После неудачи с книгой «Выбранные места», вернувшись в Москву после поездки в Иерусалим, Гоголь продолжал работать над вторым томом «М. д.», но горькие мысли не покидали его. «Я так был раньше уверен, что я стал на верхушке своего развития и вижу здраво вещи», — признавался он в одном письме. В ответ Белинскому на его страстное обличение всяких неудачных фраз в «Выбранных местах» Гоголь писал: «Бог весть, может быть, в ваших словах есть часть правды...Душа моя изнемогла, все во мне потрясено». На Гоголя все больше находило, как он говорил «оцепенение», уныние и хандра, — но когда он писал, то оставался таким же несравненным мастером. Вот отрывок из письма С. Т. Аксакова сыну (1850 г.), когда прочитали у Аксаковых одну главу из 2-го тома: «Такого высокого искусства показывать в человеке пошлом высокую человеческую сторону — нигде нельзя найти. Так раскрывается духовная внутренность человека, что для всякого из нас, способного что-нибудь чувствовать, открывается собственная своя духовная внутренность. Теперь я убедился вполнечто Гоголь может выполнить свою задачу, о которой он так самонадеянно и дерзко, по-видимому, говорит в первом томе». Эти слова С. Т. Аксакова, человека большого художественного чутья, очень важны, как свидетельство того, что художественное дарование Гоголя вовсе не ослабело. Но психические страдания Гоголя продолжались — его мучило бессилие найти нужные, «настоящие» слова, чтобы сказать то, чем жила всецело его душа, он часто бывал сумрачен, нелюдим... Сестра Гоголя рассказывала, как «с болью в сердце она наблюдала печальное, осунувшееся лицо брата» (относится к 1851 г.). На Гоголя часто нападала грусть, какая-то нерешительность. Он даже сказал Тургеневу при встрече с ним (уже незадолго до смерти Гоголя): «Если бы можно было воротить назад сказанное, я бы уничтожил мою «Переписку с друзьями», я бы сжег ее».

203

Гоголь был надломлен, он стал все более уединяться, в нем начала бродить мысль сжечь рукопись второго тома, — и однажды, чувствуя припадок одержимости этой мрачной идеей, Гоголь попросил гр. А. П. Толстого (у которого жил) взять рукопись и спрятать. Он будто бы даже сказал Толстому: «На меня находят часы, когда все хочется сжечь, но мне самому было бы жаль сделать это». Из ложной деликатности Толстой не согласился, — и в ту же ночь Гоголь сжег второй том. После этого Гоголь стал быстро слабеть, перестал есть и скоро скончался.

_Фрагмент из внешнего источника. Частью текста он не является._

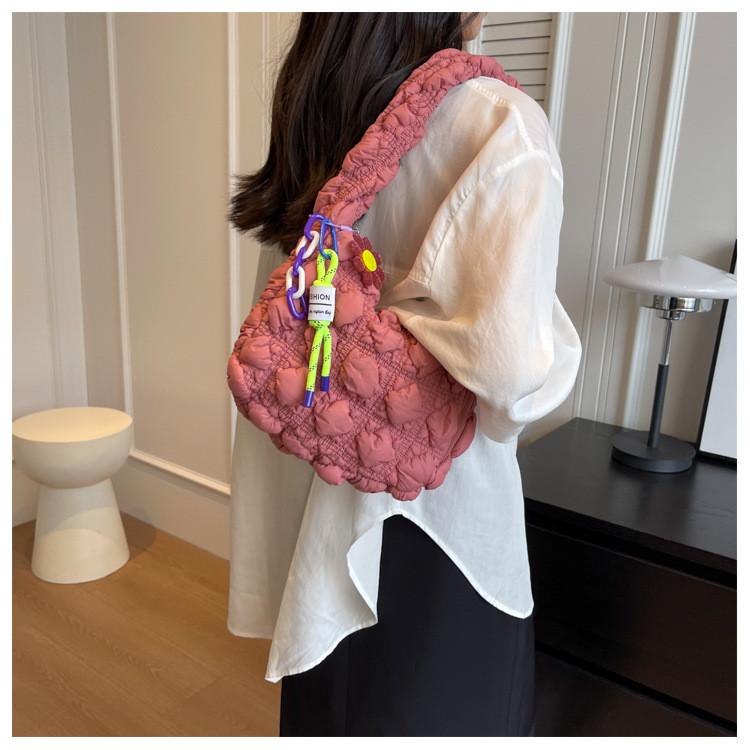 Ielgy Pleated Cloud Bag Trendy Bubble Dumpling Bag Quilted One-Shoulder Fashion Casual Underarm Bag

Жизнь Гоголя оборвалась рано (он умер 43 лет), и трагический финал ее вошел в историю русской культуры как некая пророческая, таинственная страница русского духа. Гоголь, при всем изумительном его художественном даре, принадлежал и принадлежит не одной русской литературе — он принадлежит и всей русской культуре со всеми ее духовными исканиями. Духовные проблемы, которыми жил Гоголь, не могли и не могут целиком уложиться в художественные создания, — а основная тема Гоголя о религиозном преобразовании культуры не есть только русская, а общехристианская тема. Если Гоголь не смог много сделать для разработки этой темы, то все же он гениально и смело, вопреки всему, чем жила его эпоха, поставил ее. Нельзя сказать, вслед за Мочульским, что «Гоголь повернул русскую литературу от эстетики к религии» — эстетические темы жили и живут в русской литературе, в русской культуре. Но прививка религиозной темы, сделанная Гоголем, дала богатый плод у Толстого, Достоевского, в русском символизме. Главная брешь в безрелигиозном понимании была пробита именно Гоголем — и в этом его главная заслуга в истории русской культуры. Еще придет время, и его художественное творчество, пока понятое все еще лишь в социальном аспекте, предстанет трудами исследователей во всей изумительной глубине идейных исканий Гоголя. «Загадка» Гоголя будет тогда разрешена, и его гений еще долго будет питать русских людей.